Developers need to keep one very important thing in mind that “this is not mobile but automobile” and anything being projected on screens has to be “very relevant”. The screens are not mere projections of mobile and thus standard mobile apps such as news readers, social apps, outdoor and fitness app, or games, make no sense at all in a car. Apps should be developed “particularly for in-vehicle infotainment” purposes.

In-Vehicle infotainment systems provide an opportunity for developers to come up with a next “killer app” that is raved for its usefulness and originality. Before developing, consider all aspects of driving and keep them in mind when working. This will give you a clear perspective and help you engineer your app to perfection. Here’s what most of us like doing while driving:

  • Music and Radio
  • Voice calling and speech-to-text conversion
  • Navigation and Maps
  • Voice Control features
  • Relevant notifications

Most of these domains will already be covered as core apps pre-loaded on the infotainment systems, leaving little room for developers to maneuver.

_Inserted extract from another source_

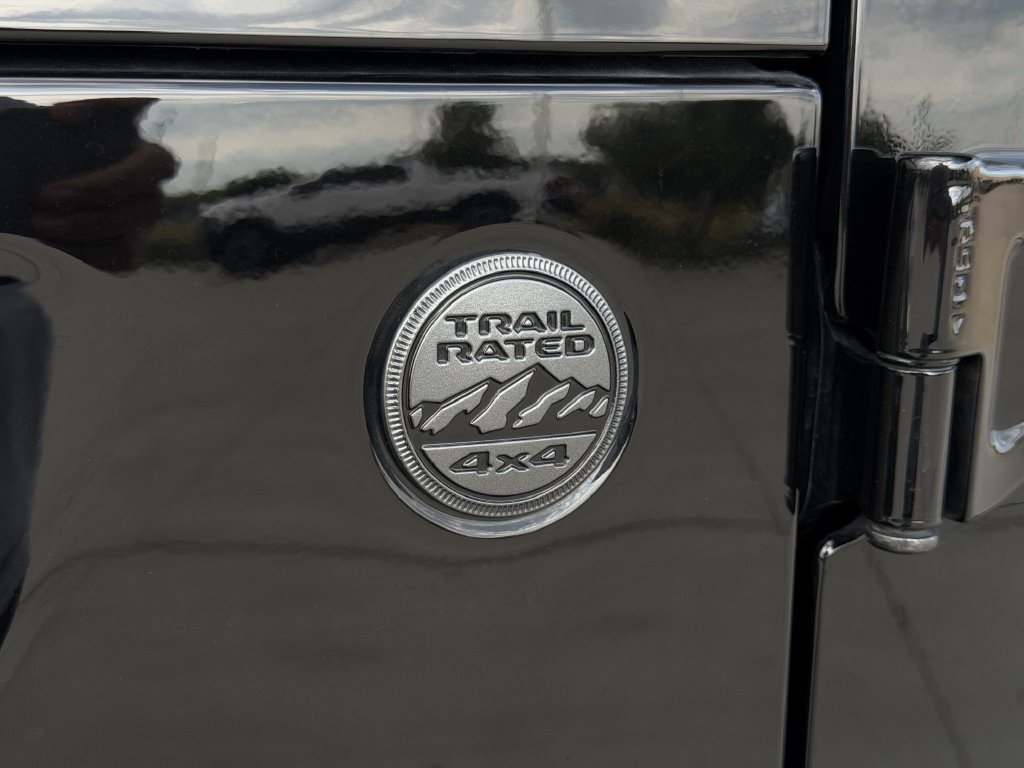 Used 2023 Jeep Gladiator Sport AWD/4WD image 11
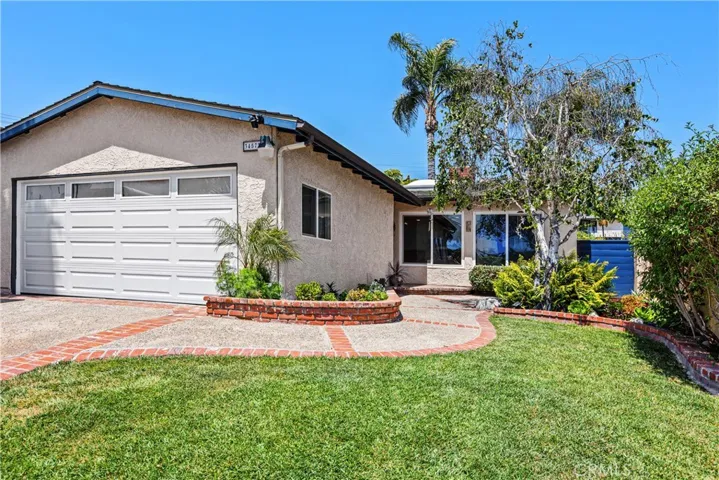 Welcome home to Capistrano Beach!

But this also means that there is ample space for genius and originality.

Developers do face obvious problems, especially to generate revenue from these apps. There can be no ads on these dashboards, as they would put drivers at risk. Even if the developers were able to push through safe ads, the small user base and low usage frequency will mean that the revenue generated will be insufficient to sustain the apps.

Still, developers know how to weave magic and they will come up with something worth noticing. They are explorers, continuously trying to think of something big within a domain. Here are a few more domains which could be explored to accomplish new feats:

  • Fuel economy and efficiency
  • Health and personal efficiency
  • Security
  • Road safety
  • Insurance liability

Developers could focus themselves on traveler and safety, depending on how refined an infotainment system is. Developers, for example, can gather information on a road’s average vehicle speed and road conditions, and gather cellular data to guess the amount of traffic on a particular road.

Developers can also help to eliminate one major concern for most commuters — theft! Put up some IP cameras and you can learn who tried to break into your car.

Besides this, fuel economy can be improved through smart technological solutions. Apps can suggest the most favorable routes, as well as track your trips and teach you driving lessons.

Similarly, healthcare apps can prevent drivers from major and fatal accidents. They can suggest taking a break when they sense you are stressed. Such apps can also observe your behavior and posture through cams and can alert you if you appear  to be sleeping.

Developing for Android Auto and Apple CarPlay

So if you finally feel that you can develop for automobiles, start doing it instead of wasting your time.

Android Auto has a lot of resources that can be used by developers while building apps for in-vehicle infotainment services. The focus should be on getting apps to improve the driving experiences by blending technology with aesthetics, etc.

There are fewer free resources available on Apple’s CarPlay, but we would bet they are good  quality.

The two major platforms are still evolving, so we expect a lot more repositories in the future.

What is important for developers is to note that these products are meant to stay in the market for a long time, and consumers will have less options to upgrade and improve what they initially purchased. There are limitations to these platforms, especially the probability of having only a single platform installed, without the option of switching to another (Auto to CarPlay, etc.). This might affect the user experience in the long run and can also affect the resale value of the vehicle.

So developers need to give their best shot at developing applications that can keep users engaged, informed and efficient in the long run. It would be a plus for developers if the makers of these platforms come up with ways to keep apps updated, otherwise, developers must fill their apps with loads of information that will remain verifiable over time.